Oder ich warte auf den Wlan ad Standard


----------



## K3n$! (9. Oktober 2014)

*AW: Gibt es DLAN Geräte, die unter realen Bedingungen 100Mbit/s schaffen?*

In der aktuellen Chip hat der AVM 1Gbit/s-Adapter maximal 300Mbit/s erreicht.


----------



## Ash1983 (9. Oktober 2014)

*AW: Gibt es DLAN Geräte, die unter realen Bedingungen 100Mbit/s schaffen?*

Habe mir letztes Jahr http://www.amazon.de/gp/product/B0041JKGW8/ref=oh_aui_detailpage_o04_s00?ie=UTF8&psc=1 (jedoch mit integrierter steckdose; Link aus der Bestellung führt seltsamerweise zu denen ohne) gekauft, die 100 Mbit/s von meinem Provider kommen an, Ping liegt um die 25-30 ms.


----------



## keinnick (9. Oktober 2014)

*AW: Gibt es DLAN Geräte, die unter realen Bedingungen 100Mbit/s schaffen?*

Ich nutze diese hier: AVM FRITZ! Powerline 520E Set: Amazon.de: Computer & Zubehör

Speedtest.net by Ookla - My Results

 Ich überbrücke 2 Räume / 6m Luftlinie. Aber vielleicht hab ich einfach nur Glück. DLAN kann je nach Umfeld / Elektroinstallation ziemlich schwanken.


----------



## Handlamp (10. Oktober 2014)

*AW: Gibt es DLAN Geräte, die unter realen Bedingungen 100Mbit/s schaffen?*

Es kommt immer auf die Verkabelung im Haus an. Ich nutze Geräte von Devolo um von einem Stockwerk in das nächste zu kommen, da ich kein WLAN-Signal durch die Decke gedrückt bekomme. An den Adaptern sind dann jeweils Fritzboxen angeschlossen, so habe ich in jedem Stockwerk wlan und wenn nötig auch Kabelgebundene Verbindungen.

Von einem zum anderen Stockwerk komme ich mit den 500mbit Adaptern auf knapp über 200Mbit

Auch die Ausnutzung einer 150Mibt Internetanbindung stellt kein Problem dar.

Wenn du original Devole Geräte etwas günstiger haben willst schau mal bei Conrad.de nach. Dort gibt es die Devolo Geräte im speziellen Design (schwarz) wo Conrad drauf steht. Sie sind bis auf das Design identisch mit den originalen dafür aber etwas günstiger.

Gruß


----------



## kartal03 (10. Oktober 2014)

*AW: Gibt es DLAN Geräte, die unter realen Bedingungen 100Mbit/s schaffen?*

@ Handlamp

Welche Adapter meinst du denn genau?
Ich werde es wohl mal ausprobieren und gucken, wie viel ich rausholen kann. 
Ansonsten müssen die Adapter wieder zurück.


----------



## Handlamp (10. Oktober 2014)

*AW: Gibt es DLAN Geräte, die unter realen Bedingungen 100Mbit/s schaffen?*

einfach mal bei Conrad nach Devolo suchen.

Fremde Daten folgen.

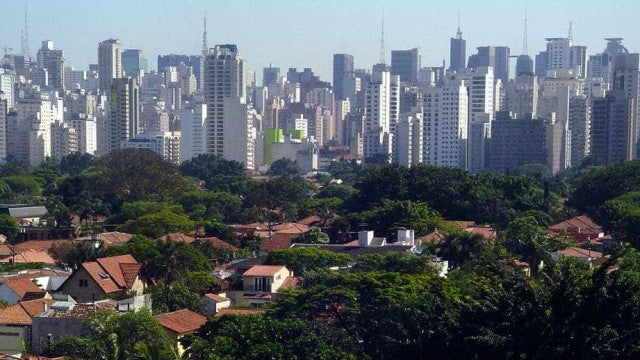 Bairros ricos concentram crimes digitais na capital paulista, mostram dados inéditos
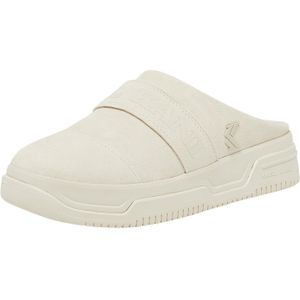 Karl Kani Huisschoenen 'Samo'  beige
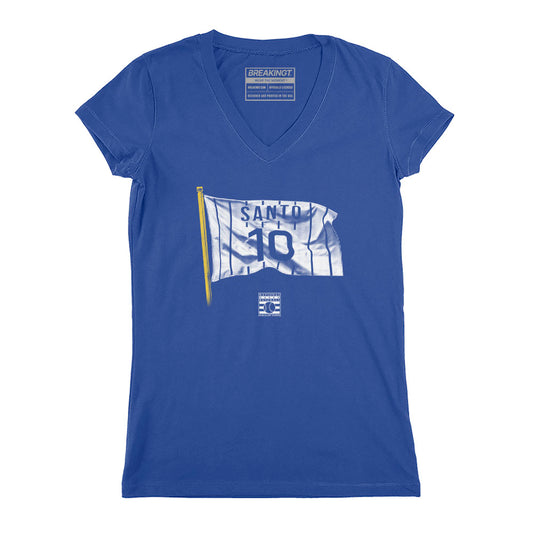 2623212 - Ron Santo: 10 Flag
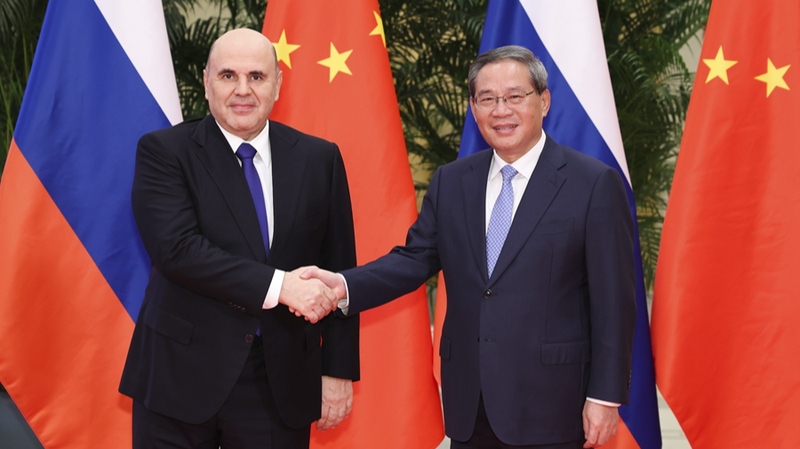 China__Russia_Pledge_All_Round_Cooperation_at_Hangzhou_Talks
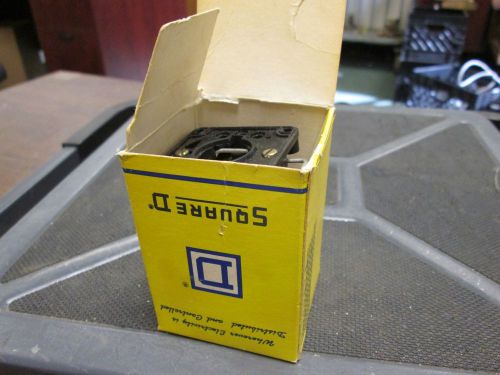 Square d  cam switch  9003 k2f1050m  12a  300vac for sale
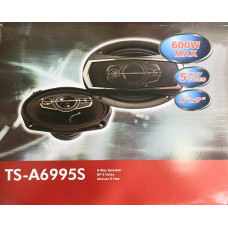 TS-A6995S - акустика овал 6x9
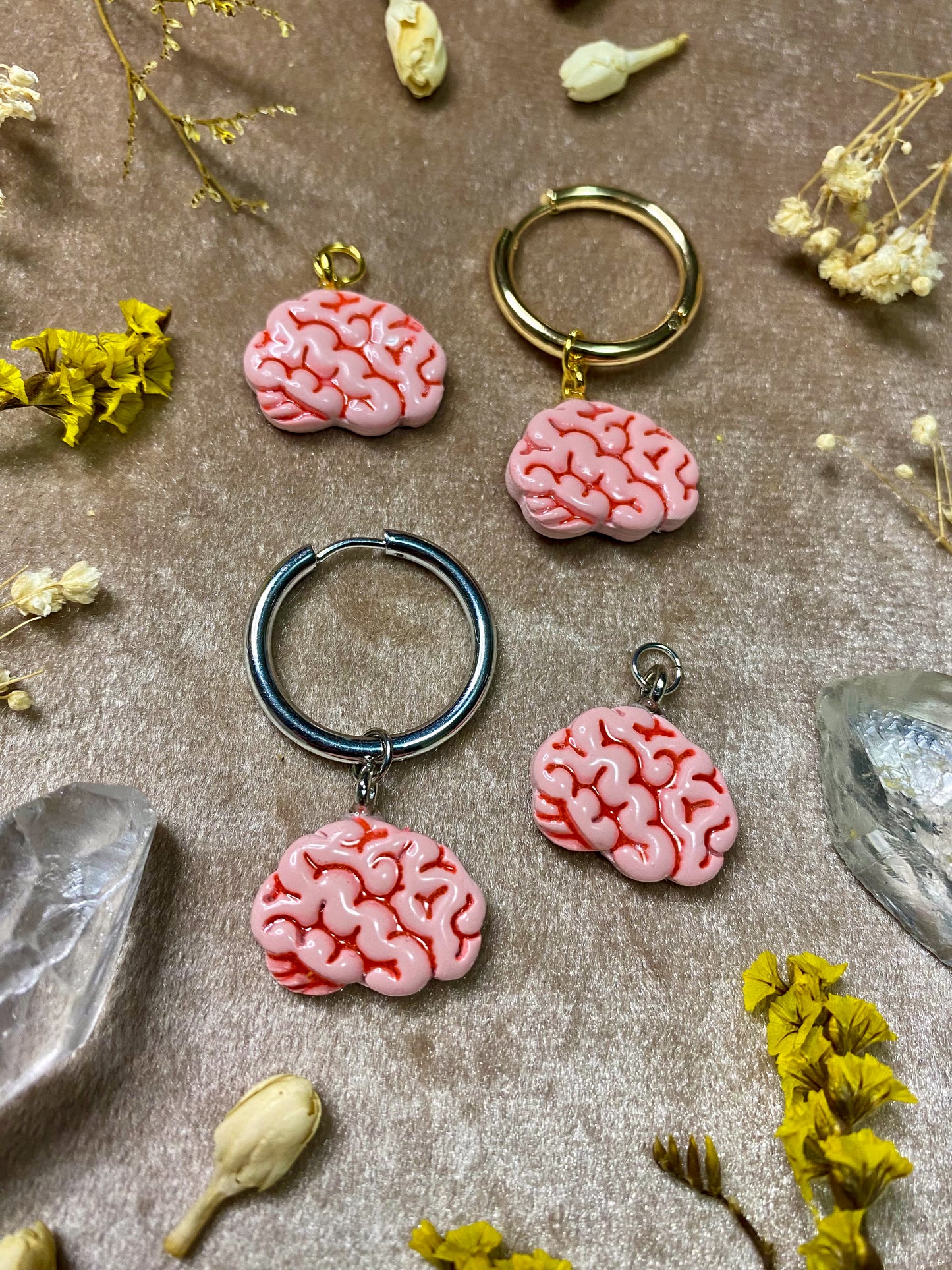 Brain Charm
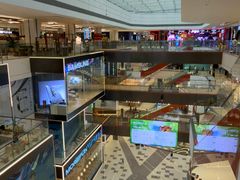 -龙湖重庆时代天街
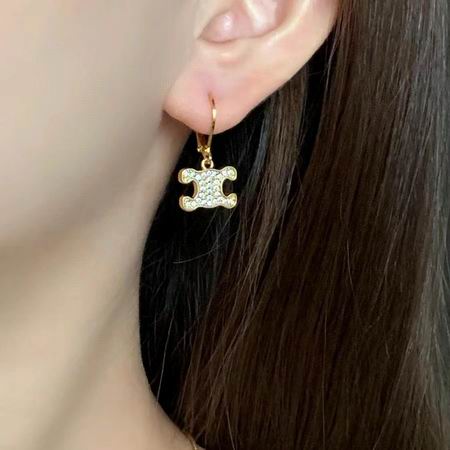 Celine Earring 12lyh71 (5)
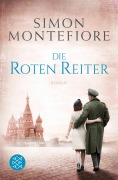 Cover-Bild zum Titel 'Die roten Reiter' von 'Simon Montefiore'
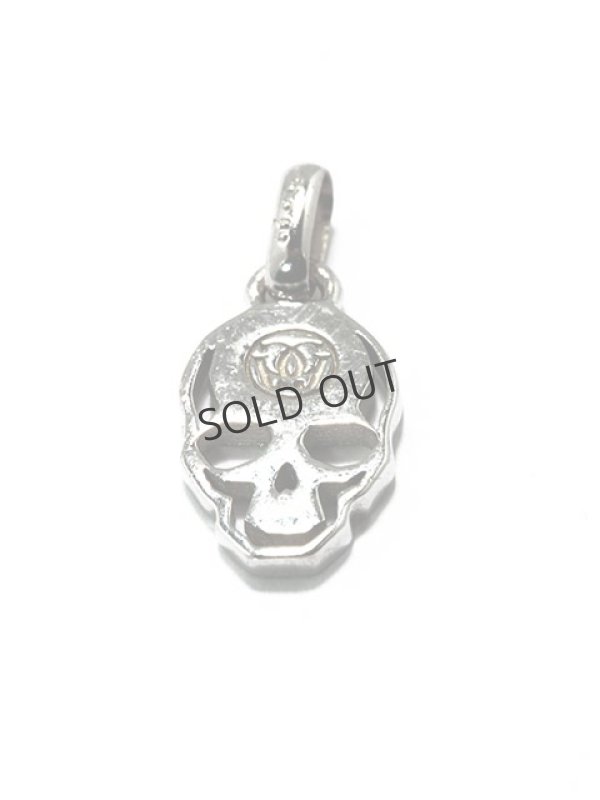 画像3: {SOLD}CORE JEWELS コアジュエルス SPARTOI NECKLACE{-ABA} (3)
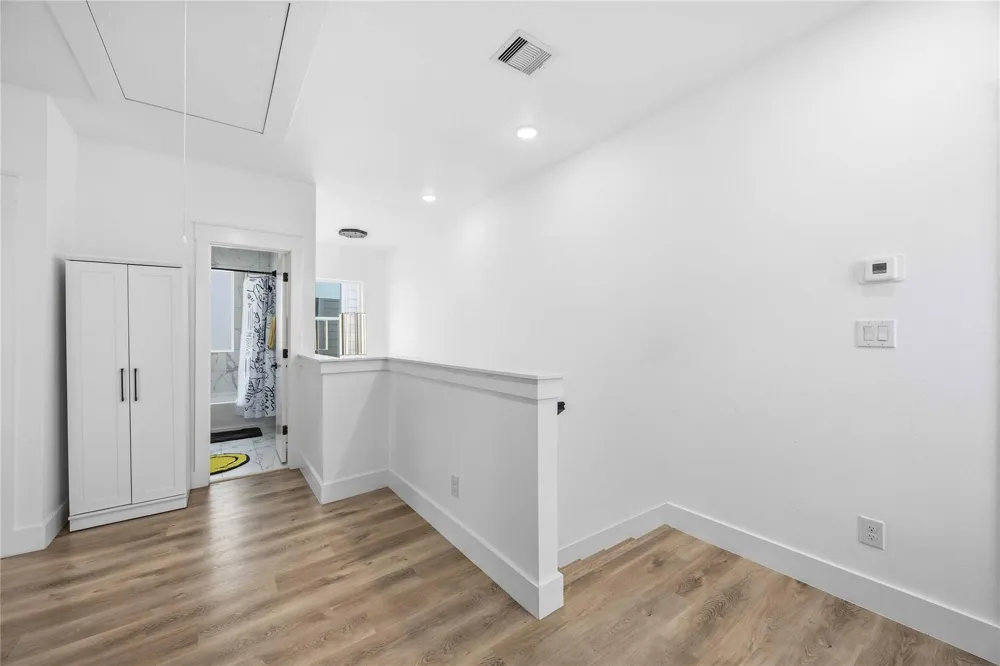 2337 Paul Quinn Street Houston, TX 77091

dort werden dann auch Adapter aufgelistet, welche neben dem Produktbild ein Logo haben, auf dem Powerd by Devolo steht.

gruß


----------



## Tommi1 (10. Oktober 2014)

*AW: Gibt es DLAN Geräte, die unter realen Bedingungen 100Mbit/s schaffen?*

Ist das nicht auch so, dass das nur ein einem Stromkreislauf funktioniert?

Beispiel:
Unser Wohnzimmer und unser Schlafzimmer haben im Sicherungskasten je eine eigene Sicherung.
Also 2 Kreisläufe.

Dürfte dann also nicht funktionieren, per DLAN, ein Gerät, im Schlafzimmer, mit der Fritzbox im Wohnzimmer zu verbinden, oder?


----------



## kartal03 (10. Oktober 2014)

*AW: Gibt es DLAN Geräte, die unter realen Bedingungen 100Mbit/s schaffen?*



Tommi1 schrieb:


> Ist das nicht auch so, dass das nur ein einem Stromkreislauf funktioniert?
> 
> Beispiel:
> Unser Wohnzimmer und unser Schlafzimmer haben im Sicherungskasten je eine eigene Sicherung.
> ...


 
Funktioniert schon, allerdings sind die Geschwindigkeiten dann wohl nicht so gut.

Ich habe jetzt die devolo dLAN 500 duo+ geordert, welche morgen ankommen sollten. 
Mal sehen, wie hoch die Geschwindigkeit damit ausfallen wird.

Als einzige alternative bliebe einen neuen Router zu kaufen, mit einer passenden, Leistungsfähigen WLan AC Netzwerkarte.
Damit käme ich allerdings auf 250€, was mir zu teuer ist.


----------



## kartal03 (11. Oktober 2014)

*AW: Gibt es DLAN Geräte, die unter realen Bedingungen 100Mbit/s schaffen?*

Die Adapter wurden heute geliefert und ich habe sie direkt ausprobiert.
An der Steckdose direkt neben meinem PC empfange ich lediglich ~ 25 Mbit/s , also nur 5 Mbit/s als über Wlan-N.
Danach habe ich eine andere Steckdose ausprobiert, und siehe da, da wurden es schon satte 75 Mbit/s, und das bis jetzt auch stabil.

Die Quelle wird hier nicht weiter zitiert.